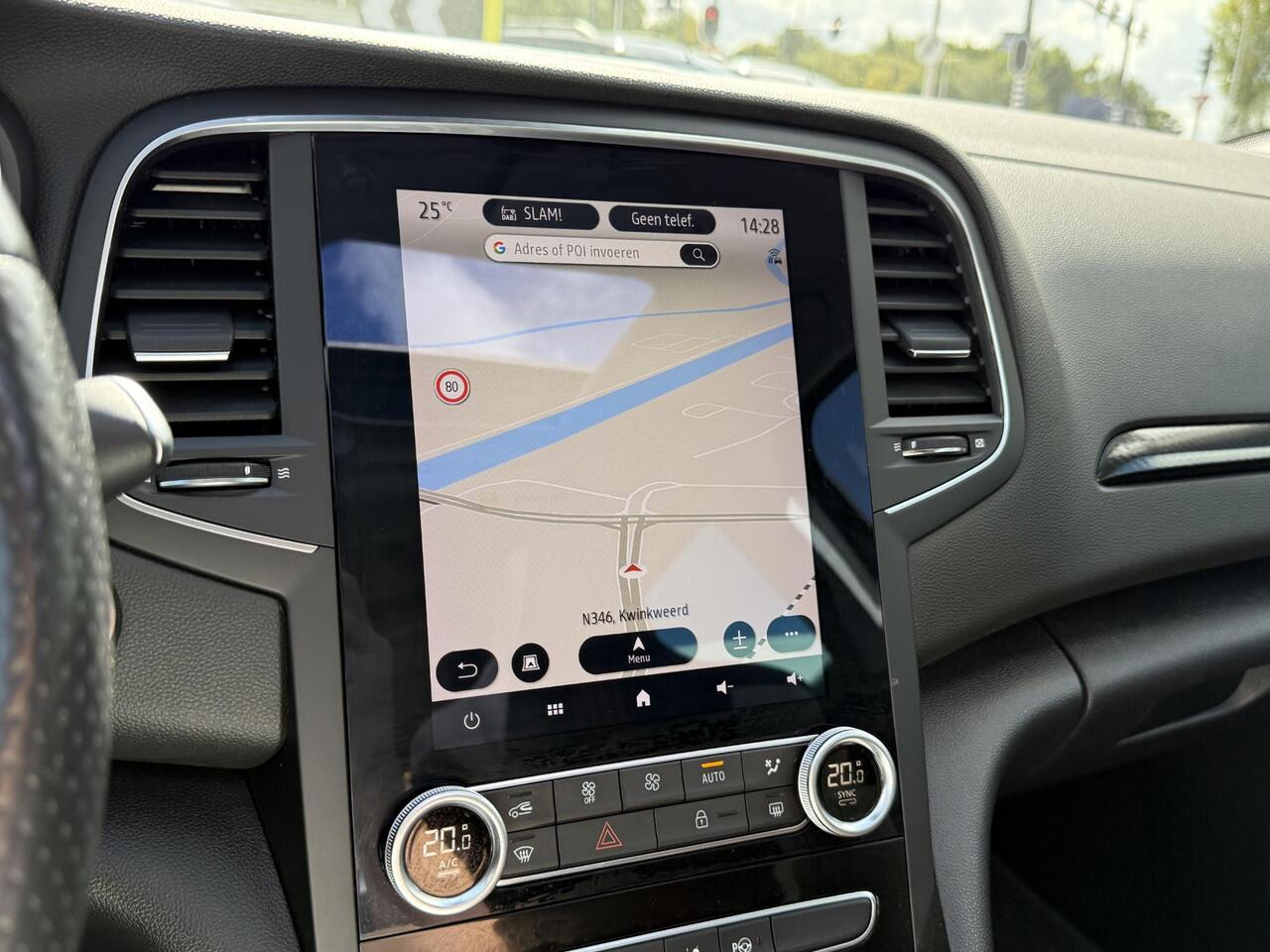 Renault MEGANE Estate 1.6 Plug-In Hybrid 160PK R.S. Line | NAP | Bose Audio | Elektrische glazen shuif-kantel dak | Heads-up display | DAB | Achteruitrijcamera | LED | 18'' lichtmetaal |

+ + + + +

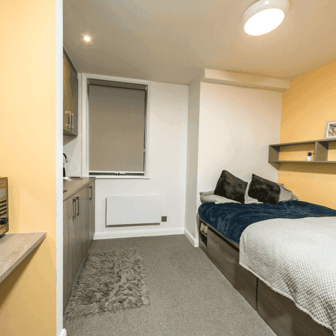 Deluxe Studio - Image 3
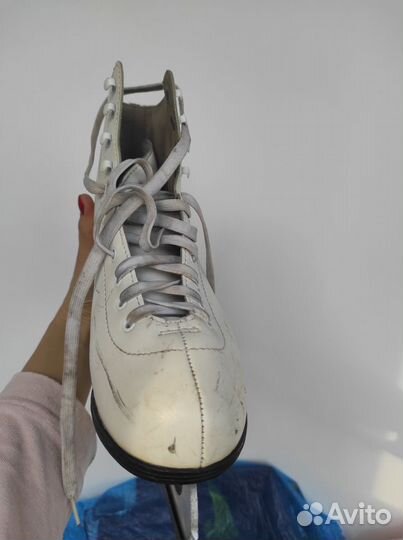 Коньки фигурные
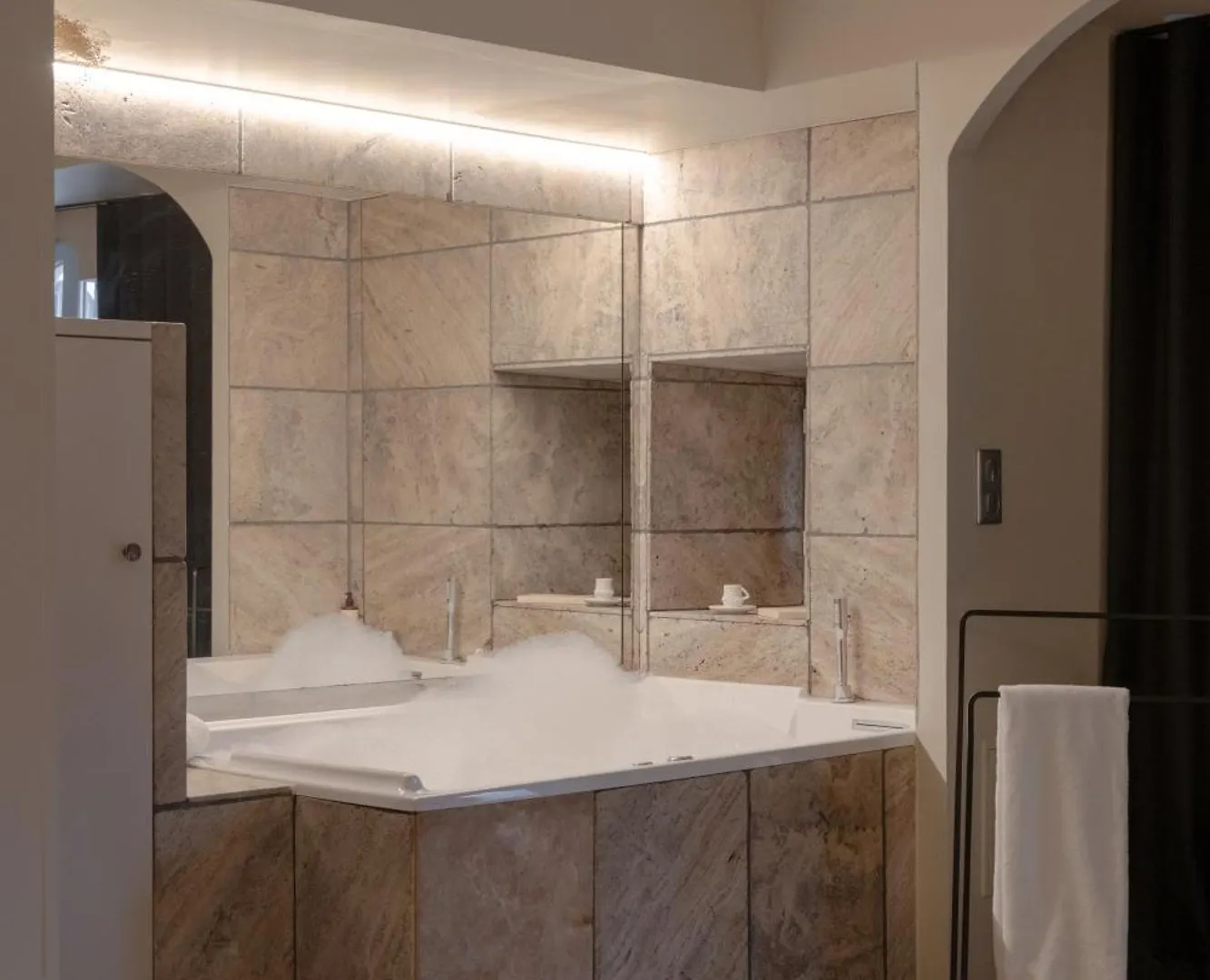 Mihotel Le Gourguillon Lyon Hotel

+ + + + +

→ **TASK PROMPT**
Look above for the line with "Deluxe Studio - Image 3"; quote it and every line after it, stopping after the line with "Mihotel Le Gourguillon Lyon Hotel", exactly, with nothing added and without pictures.

→ **WRITTEN ANSWER**
 Deluxe Studio - Image 3
 Коньки фигурные
 Mihotel Le Gourguillon Lyon Hotel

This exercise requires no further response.